Guerilla Lady: Zunächst einmal möchte ich festhalten, dass ich als Einzelperson nicht für ein ganzes Kollektiv sprechen kann. Das ist ein ganz zentraler Punkt: die Heterogenität des Organisationsteams. Die Beteiligten kommen aus unterschiedlichen Zusammenhängen und haben mitunter auch verschiedene Vorstellungen, wie so ein Projekt konkret funktionieren soll.

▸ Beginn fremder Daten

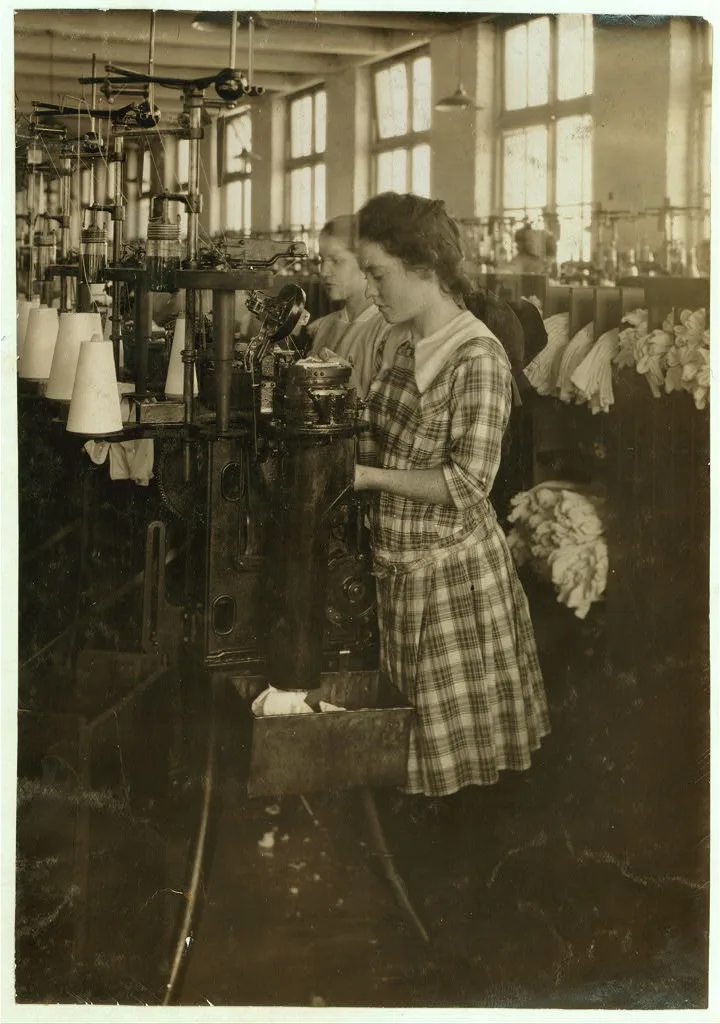 [Continuation school girls topping stockings in Ipswich Mills.] …, Massachusetts, 1917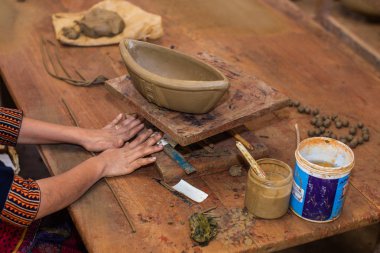 Bicholim, Goa/Hindistan-Ağustos 18 2018: yerel esnaf kil çömlek Goa, Hindistan üzerinde çalışıyor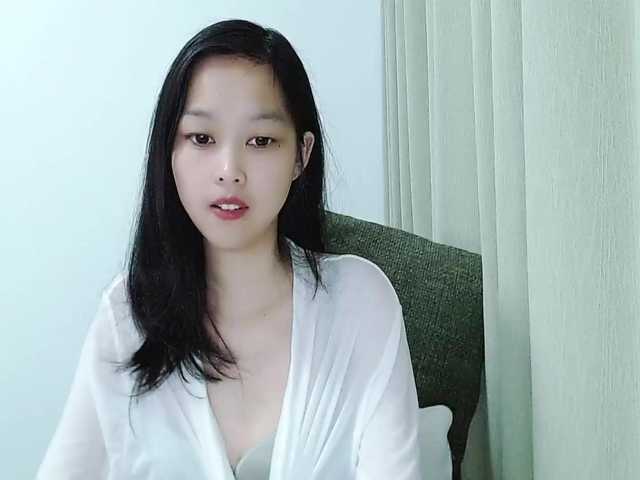 Selinababy99's BongaCams show and profile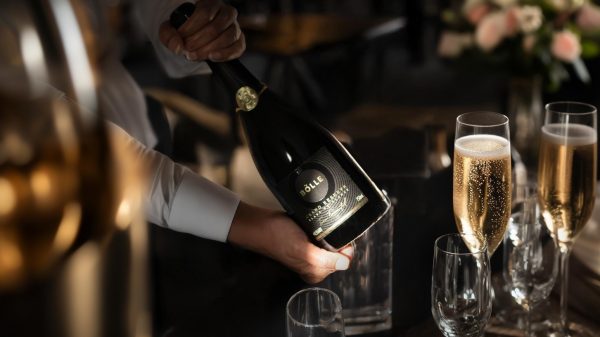 Η επανάσταση του μη αλκοόλ στην αφρώδη οινοποίηση ξεκινάει τώρα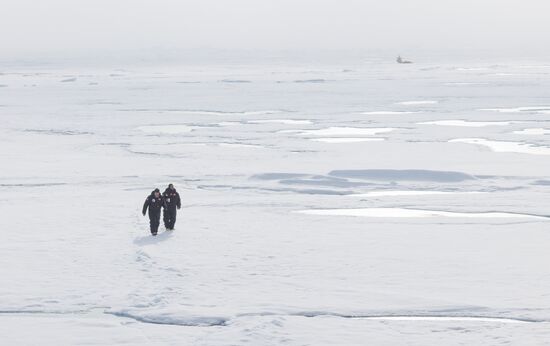 Russia North Pole Paraglider Flight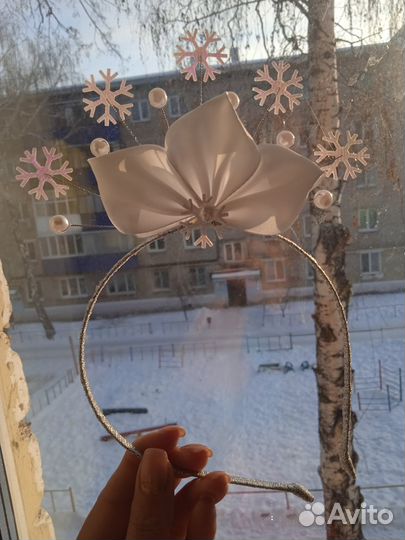 Ободок в стиле минимализма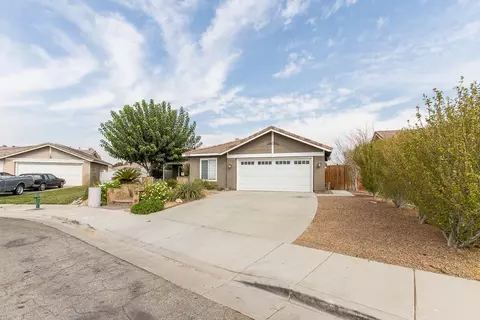 6159 Treehaven Ct, Lancaster, CA 93536 photo 4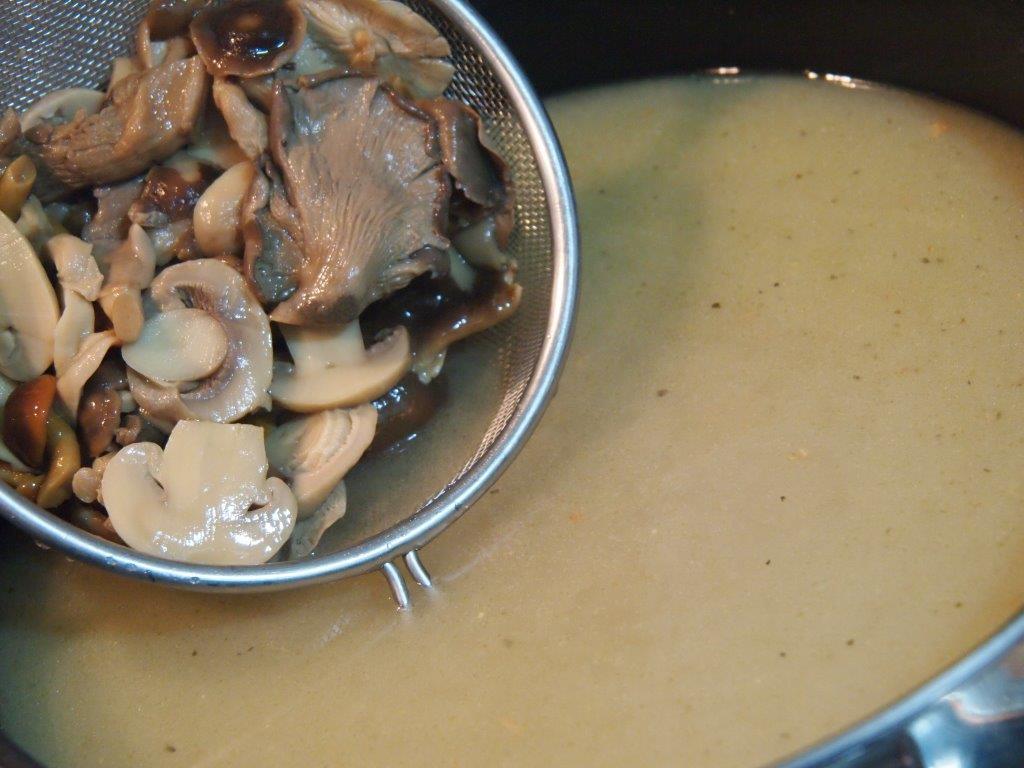 Blanqueta de pollo con setas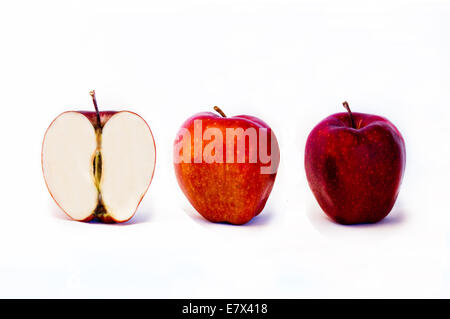 Zwei rote Äpfel und halb auf weißem Hintergrund Stockfoto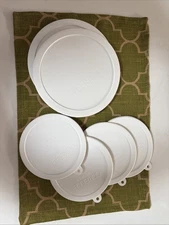 Corelle 1 Quart Round Plastic Lids (2)- Corelle 18 Oz soup / Cereal Bowls (4)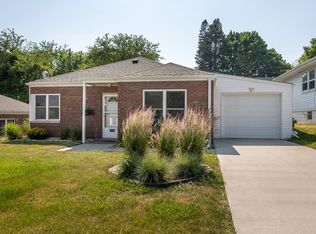 2173 Broadlawn Rd, Dubuque, IA 52001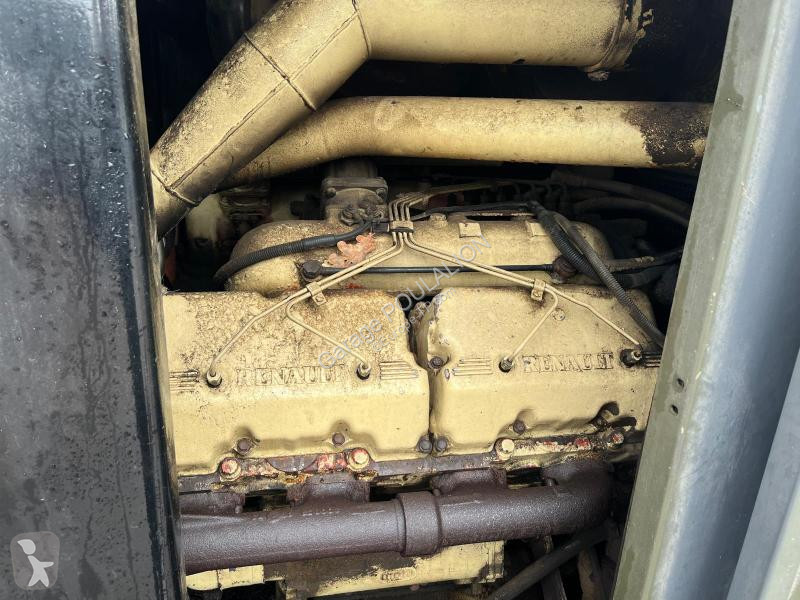 Entreprenørmaskiner Renault  V8 360 KVA...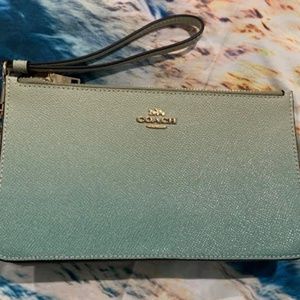 COACH OMBRE CROSBY CLUTCH (GREEN/MULTI) - NWT-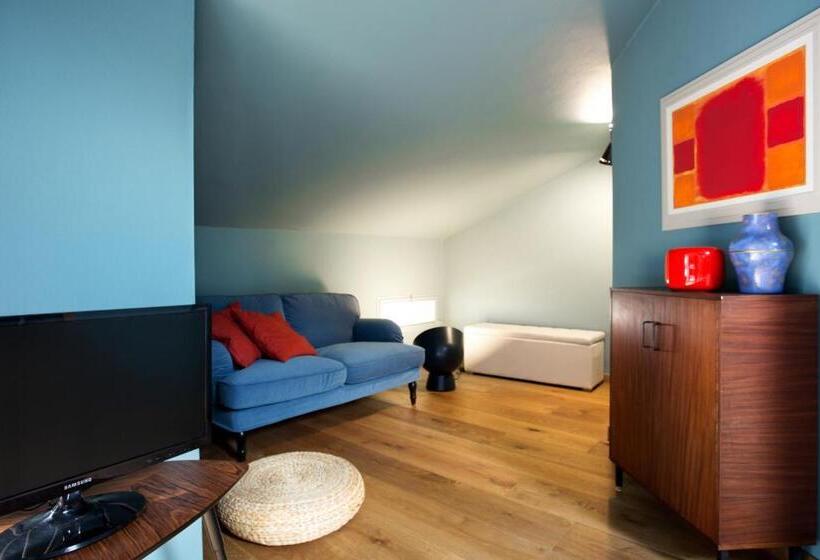 جناح جونيور مزوَّد بتراس, Domus Plinii 1792 Suites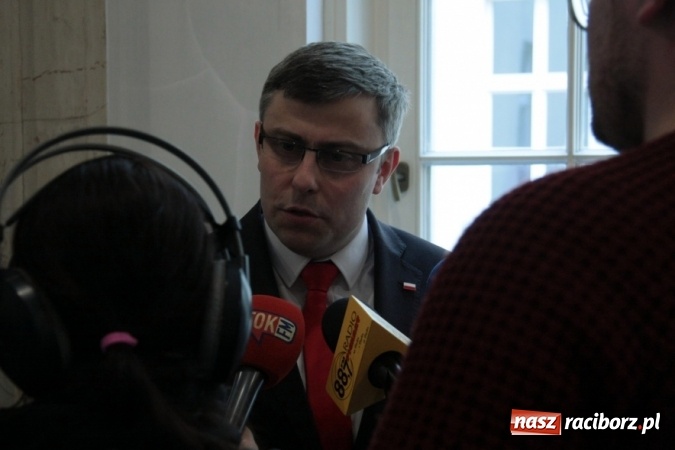 Zdjęcie w galerii na portalu naszraciborz.pl: Rolniku! Trzymaj drób w kurniku!  wiadomości z regionu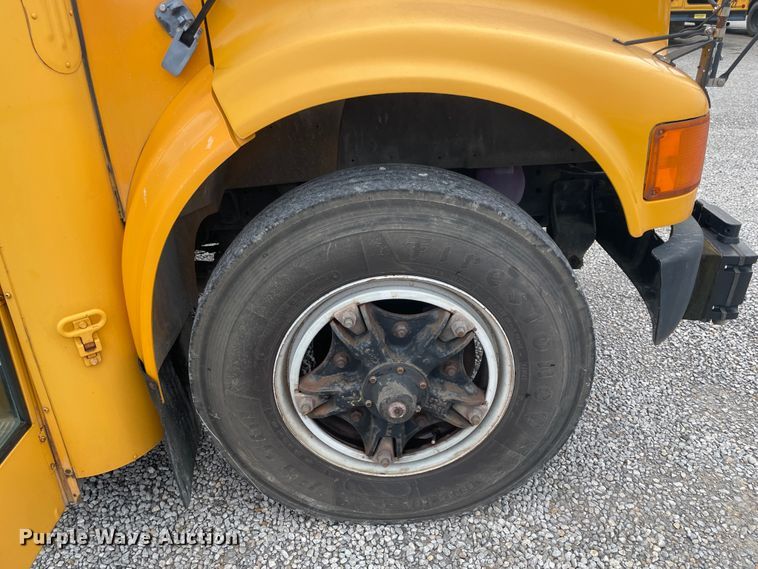 image for item IC9365 1996 International 3800  school bus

dérive: Wie organisiert ihr denn?
G. L.: Prinzipiell arbeiten wir basisdemokratisch im Kollektiv. Es gibt regelmäßig stattfindende Plena, in denen alle wichtigen Entscheidungen diskutiert und getroffen werden. Das Wichtige und zugleich Schwierige daran – finde ich – ist eben diese Heterogenität anzunehmen und fruchtbar zu machen. Das heißt sie nicht aufzulösen und zu homogenisieren, die verschiedenen Ansätze zu vereinheitlichen, sondern diese Vielfältigkeit abzubilden und auch in die Gestaltung des konkreten Festivals einfließen zu lassen.
dérive: Ist das nicht ein sehr mühsamer Weg – kommen dabei auch Entscheidungen zu Stande?
G. L.: Natürlich müssen dabei, um arbeitsfähig zu bleiben, auch Entscheidungen getroffen werden, was oft sehr lange dauert, aber der Diskussionsprozess ist das eigentlich Entscheidende (im doppelten Wortsinn). Auch bei diesen Beschlüssen versuchen wir die Unterschiede in den Meinungen nicht zu nivellieren, sondern eher abzubilden.
dérive: Wie soll das konkret ausschauen?
G. L.: Ein ganz gutes Beispiel dafür sind unsere Logos. Wir haben nicht ein Logo, sondern neun verschiedene. Das soll einerseits uns als vielgestaltiges Team repräsentieren und andererseits das Konzept der Corporate Identity unterlaufen. Natürlich verlieren wir dadurch viel an Wiedererkennungswert, aber genau darum soll es ja auch gehen: Gängigen – leider auch im kritischen, politisch aktiven Kulturbetrieb gebräuchlichen – Strategien zu widersprechen und zu umgehen, die auf marktorientierte Verwertungspotenziale ausgerichtet sind. Und dazu zählen eben auch Logos, Namen und all das kulturelle und soziale Kapital, das daraus geschlagen werden kann.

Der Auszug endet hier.